Goal of the exercise: What follows is a set of records, each of which is to be written out exactly.

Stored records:
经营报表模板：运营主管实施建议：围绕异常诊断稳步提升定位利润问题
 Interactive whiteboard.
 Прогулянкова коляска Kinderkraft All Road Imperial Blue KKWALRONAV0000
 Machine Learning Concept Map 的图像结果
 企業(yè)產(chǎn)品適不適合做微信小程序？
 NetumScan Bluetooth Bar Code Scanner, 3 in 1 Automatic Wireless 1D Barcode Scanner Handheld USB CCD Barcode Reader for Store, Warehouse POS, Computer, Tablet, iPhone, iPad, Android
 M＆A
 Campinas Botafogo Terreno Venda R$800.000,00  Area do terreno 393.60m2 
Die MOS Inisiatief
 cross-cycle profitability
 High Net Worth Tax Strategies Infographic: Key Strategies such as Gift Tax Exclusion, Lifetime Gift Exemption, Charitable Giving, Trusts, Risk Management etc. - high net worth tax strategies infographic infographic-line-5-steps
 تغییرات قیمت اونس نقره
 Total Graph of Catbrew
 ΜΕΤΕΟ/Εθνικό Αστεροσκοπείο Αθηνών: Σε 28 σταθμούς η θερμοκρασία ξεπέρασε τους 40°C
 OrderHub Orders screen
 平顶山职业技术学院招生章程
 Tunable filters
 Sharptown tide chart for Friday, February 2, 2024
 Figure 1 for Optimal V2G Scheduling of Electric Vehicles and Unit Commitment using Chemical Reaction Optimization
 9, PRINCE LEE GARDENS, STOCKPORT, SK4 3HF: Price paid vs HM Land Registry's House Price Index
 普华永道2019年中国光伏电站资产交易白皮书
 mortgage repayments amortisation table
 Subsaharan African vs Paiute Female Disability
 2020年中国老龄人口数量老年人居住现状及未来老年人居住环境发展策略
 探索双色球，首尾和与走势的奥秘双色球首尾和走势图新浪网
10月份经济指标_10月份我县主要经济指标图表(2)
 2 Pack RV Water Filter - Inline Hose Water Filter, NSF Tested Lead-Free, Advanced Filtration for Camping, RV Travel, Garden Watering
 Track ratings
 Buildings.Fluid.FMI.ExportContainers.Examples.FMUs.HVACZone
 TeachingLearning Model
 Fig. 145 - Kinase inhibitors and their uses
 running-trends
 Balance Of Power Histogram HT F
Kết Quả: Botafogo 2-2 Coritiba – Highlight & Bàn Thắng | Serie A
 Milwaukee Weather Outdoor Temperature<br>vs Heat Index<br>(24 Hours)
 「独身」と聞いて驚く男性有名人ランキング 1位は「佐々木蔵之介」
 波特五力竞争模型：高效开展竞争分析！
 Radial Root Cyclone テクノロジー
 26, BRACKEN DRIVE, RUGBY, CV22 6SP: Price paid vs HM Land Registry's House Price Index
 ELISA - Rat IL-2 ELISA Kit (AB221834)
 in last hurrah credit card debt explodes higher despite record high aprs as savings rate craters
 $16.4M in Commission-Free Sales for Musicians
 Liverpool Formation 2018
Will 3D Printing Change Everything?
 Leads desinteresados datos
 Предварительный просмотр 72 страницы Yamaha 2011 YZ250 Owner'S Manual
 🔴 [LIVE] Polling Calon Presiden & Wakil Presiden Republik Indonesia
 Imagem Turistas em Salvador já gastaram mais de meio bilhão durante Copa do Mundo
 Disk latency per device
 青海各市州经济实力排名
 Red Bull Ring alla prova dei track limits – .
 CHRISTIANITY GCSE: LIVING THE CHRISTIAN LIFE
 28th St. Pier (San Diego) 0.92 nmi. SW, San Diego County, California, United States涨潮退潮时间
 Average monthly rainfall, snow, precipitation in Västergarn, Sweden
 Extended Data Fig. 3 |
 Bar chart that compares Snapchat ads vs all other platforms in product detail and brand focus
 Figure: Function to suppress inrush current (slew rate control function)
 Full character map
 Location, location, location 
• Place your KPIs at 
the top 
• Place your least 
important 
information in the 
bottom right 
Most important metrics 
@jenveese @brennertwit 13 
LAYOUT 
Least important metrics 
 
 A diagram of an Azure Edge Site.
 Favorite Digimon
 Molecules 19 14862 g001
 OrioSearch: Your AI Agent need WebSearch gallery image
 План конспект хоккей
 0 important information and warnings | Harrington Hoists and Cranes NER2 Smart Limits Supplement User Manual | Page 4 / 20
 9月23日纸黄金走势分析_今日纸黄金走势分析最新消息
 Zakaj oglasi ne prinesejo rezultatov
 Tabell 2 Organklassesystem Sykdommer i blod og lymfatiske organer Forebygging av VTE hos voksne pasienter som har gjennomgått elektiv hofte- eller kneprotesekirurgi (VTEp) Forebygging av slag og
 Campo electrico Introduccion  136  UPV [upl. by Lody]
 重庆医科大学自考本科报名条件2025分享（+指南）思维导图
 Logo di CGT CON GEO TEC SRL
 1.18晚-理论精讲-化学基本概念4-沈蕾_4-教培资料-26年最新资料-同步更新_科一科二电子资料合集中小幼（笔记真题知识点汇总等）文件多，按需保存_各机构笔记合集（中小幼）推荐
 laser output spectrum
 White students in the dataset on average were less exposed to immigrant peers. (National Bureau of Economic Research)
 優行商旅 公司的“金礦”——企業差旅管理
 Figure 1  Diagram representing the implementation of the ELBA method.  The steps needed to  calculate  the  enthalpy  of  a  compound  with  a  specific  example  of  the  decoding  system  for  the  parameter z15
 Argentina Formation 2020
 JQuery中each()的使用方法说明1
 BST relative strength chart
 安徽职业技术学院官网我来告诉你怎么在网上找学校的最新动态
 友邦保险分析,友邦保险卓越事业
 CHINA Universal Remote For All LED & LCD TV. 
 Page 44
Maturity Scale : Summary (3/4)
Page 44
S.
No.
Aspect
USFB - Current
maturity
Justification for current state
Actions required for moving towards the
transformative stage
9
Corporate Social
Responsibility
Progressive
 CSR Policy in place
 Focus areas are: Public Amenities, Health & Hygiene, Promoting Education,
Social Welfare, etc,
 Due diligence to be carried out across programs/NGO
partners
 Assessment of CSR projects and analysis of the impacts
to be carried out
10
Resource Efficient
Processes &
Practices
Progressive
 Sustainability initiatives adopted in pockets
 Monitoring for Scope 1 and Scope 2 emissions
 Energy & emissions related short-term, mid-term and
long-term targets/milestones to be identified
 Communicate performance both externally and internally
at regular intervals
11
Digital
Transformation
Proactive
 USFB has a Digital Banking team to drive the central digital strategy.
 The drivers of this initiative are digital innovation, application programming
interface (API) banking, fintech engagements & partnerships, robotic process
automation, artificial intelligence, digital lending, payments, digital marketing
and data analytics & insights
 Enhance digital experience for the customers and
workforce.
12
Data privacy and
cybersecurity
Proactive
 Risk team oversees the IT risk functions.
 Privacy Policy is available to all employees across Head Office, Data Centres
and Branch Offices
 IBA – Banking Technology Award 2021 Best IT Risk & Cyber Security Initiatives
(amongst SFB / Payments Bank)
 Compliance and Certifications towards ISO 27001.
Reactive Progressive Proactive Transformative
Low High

Response below:
经营报表模板：运营主管实施建议：围绕异常诊断稳步提升定位利润问题
 Interactive whiteboard.
 Прогулянкова коляска Kinderkraft All Road Imperial Blue KKWALRONAV0000
 Machine Learning Concept Map 的图像结果
 企業(yè)產(chǎn)品適不適合做微信小程序？
 NetumScan Bluetooth Bar Code Scanner, 3 in 1 Automatic Wireless 1D Barcode Scanner Handheld USB CCD Barcode Reader for Store, Warehouse POS, Computer, Tablet, iPhone, iPad, Android
 M＆A
 Campinas Botafogo Terreno Venda R$800.000,00  Area do terreno 393.60m2 
Die MOS Inisiatief
 cross-cycle profitability
 High Net Worth Tax Strategies Infographic: Key Strategies such as Gift Tax Exclusion, Lifetime Gift Exemption, Charitable Giving, Trusts, Risk Management etc. - high net worth tax strategies infographic infographic-line-5-steps
 تغییرات قیمت اونس نقره
 Total Graph of Catbrew
 ΜΕΤΕΟ/Εθνικό Αστεροσκοπείο Αθηνών: Σε 28 σταθμούς η θερμοκρασία ξεπέρασε τους 40°C
 OrderHub Orders screen
 平顶山职业技术学院招生章程
 Tunable filters
 Sharptown tide chart for Friday, February 2, 2024
 Figure 1 for Optimal V2G Scheduling of Electric Vehicles and Unit Commitment using Chemical Reaction Optimization
 9, PRINCE LEE GARDENS, STOCKPORT, SK4 3HF: Price paid vs HM Land Registry's House Price Index
 普华永道2019年中国光伏电站资产交易白皮书
 mortgage repayments amortisation table
 Subsaharan African vs Paiute Female Disability
 2020年中国老龄人口数量老年人居住现状及未来老年人居住环境发展策略
 探索双色球，首尾和与走势的奥秘双色球首尾和走势图新浪网
10月份经济指标_10月份我县主要经济指标图表(2)
 2 Pack RV Water Filter - Inline Hose Water Filter, NSF Tested Lead-Free, Advanced Filtration for Camping, RV Travel, Garden Watering
 Track ratings
 Buildings.Fluid.FMI.ExportContainers.Examples.FMUs.HVACZone
 TeachingLearning Model
 Fig. 145 - Kinase inhibitors and their uses
 running-trends
 Balance Of Power Histogram HT F
Kết Quả: Botafogo 2-2 Coritiba – Highlight & Bàn Thắng | Serie A
 Milwaukee Weather Outdoor Temperature<br>vs Heat Index<br>(24 Hours)
 「独身」と聞いて驚く男性有名人ランキング 1位は「佐々木蔵之介」
 波特五力竞争模型：高效开展竞争分析！
 Radial Root Cyclone テクノロジー
 26, BRACKEN DRIVE, RUGBY, CV22 6SP: Price paid vs HM Land Registry's House Price Index
 ELISA - Rat IL-2 ELISA Kit (AB221834)
 in last hurrah credit card debt explodes higher despite record high aprs as savings rate craters
 $16.4M in Commission-Free Sales for Musicians
 Liverpool Formation 2018
Will 3D Printing Change Everything?
 Leads desinteresados datos
 Предварительный просмотр 72 страницы Yamaha 2011 YZ250 Owner'S Manual
 🔴 [LIVE] Polling Calon Presiden & Wakil Presiden Republik Indonesia
 Imagem Turistas em Salvador já gastaram mais de meio bilhão durante Copa do Mundo
 Disk latency per device
 青海各市州经济实力排名
 Red Bull Ring alla prova dei track limits – .
 CHRISTIANITY GCSE: LIVING THE CHRISTIAN LIFE
 28th St. Pier (San Diego) 0.92 nmi. SW, San Diego County, California, United States涨潮退潮时间
 Average monthly rainfall, snow, precipitation in Västergarn, Sweden
 Extended Data Fig. 3 |
 Bar chart that compares Snapchat ads vs all other platforms in product detail and brand focus
 Figure: Function to suppress inrush current (slew rate control function)
 Full character map
 Location, location, location 
• Place your KPIs at 
the top 
• Place your least 
important 
information in the 
bottom right 
Most important metrics 
@jenveese @brennertwit 13 
LAYOUT 
Least important metrics 
 
 A diagram of an Azure Edge Site.
 Favorite Digimon
 Molecules 19 14862 g001
 OrioSearch: Your AI Agent need WebSearch gallery image
 План конспект хоккей
 0 important information and warnings | Harrington Hoists and Cranes NER2 Smart Limits Supplement User Manual | Page 4 / 20
 9月23日纸黄金走势分析_今日纸黄金走势分析最新消息
 Zakaj oglasi ne prinesejo rezultatov
 Tabell 2 Organklassesystem Sykdommer i blod og lymfatiske organer Forebygging av VTE hos voksne pasienter som har gjennomgått elektiv hofte- eller kneprotesekirurgi (VTEp) Forebygging av slag og
 Campo electrico Introduccion  136  UPV [upl. by Lody]
 重庆医科大学自考本科报名条件2025分享（+指南）思维导图
 Logo di CGT CON GEO TEC SRL
 1.18晚-理论精讲-化学基本概念4-沈蕾_4-教培资料-26年最新资料-同步更新_科一科二电子资料合集中小幼（笔记真题知识点汇总等）文件多，按需保存_各机构笔记合集（中小幼）推荐
 laser output spectrum
 White students in the dataset on average were less exposed to immigrant peers. (National Bureau of Economic Research)
 優行商旅 公司的“金礦”——企業差旅管理
 Figure 1  Diagram representing the implementation of the ELBA method.  The steps needed to  calculate  the  enthalpy  of  a  compound  with  a  specific  example  of  the  decoding  system  for  the  parameter z15
 Argentina Formation 2020
 JQuery中each()的使用方法说明1
 BST relative strength chart
 安徽职业技术学院官网我来告诉你怎么在网上找学校的最新动态
 友邦保险分析,友邦保险卓越事业
 CHINA Universal Remote For All LED & LCD TV. 
 Page 44
Maturity Scale : Summary (3/4)
Page 44
S.
No.
Aspect
USFB - Current
maturity
Justification for current state
Actions required for moving towards the
transformative stage
9
Corporate Social
Responsibility
Progressive
 CSR Policy in place
 Focus areas are: Public Amenities, Health & Hygiene, Promoting Education,
Social Welfare, etc,
 Due diligence to be carried out across programs/NGO
partners
 Assessment of CSR projects and analysis of the impacts
to be carried out
10
Resource Efficient
Processes &
Practices
Progressive
 Sustainability initiatives adopted in pockets
 Monitoring for Scope 1 and Scope 2 emissions
 Energy & emissions related short-term, mid-term and
long-term targets/milestones to be identified
 Communicate performance both externally and internally
at regular intervals
11
Digital
Transformation
Proactive
 USFB has a Digital Banking team to drive the central digital strategy.
 The drivers of this initiative are digital innovation, application programming
interface (API) banking, fintech engagements & partnerships, robotic process
automation, artificial intelligence, digital lending, payments, digital marketing
and data analytics & insights
 Enhance digital experience for the customers and
workforce.
12
Data privacy and
cybersecurity
Proactive
 Risk team oversees the IT risk functions.
 Privacy Policy is available to all employees across Head Office, Data Centres
and Branch Offices
 IBA – Banking Technology Award 2021 Best IT Risk & Cyber Security Initiatives
(amongst SFB / Payments Bank)
 Compliance and Certifications towards ISO 27001.
Reactive Progressive Proactive Transformative
Low High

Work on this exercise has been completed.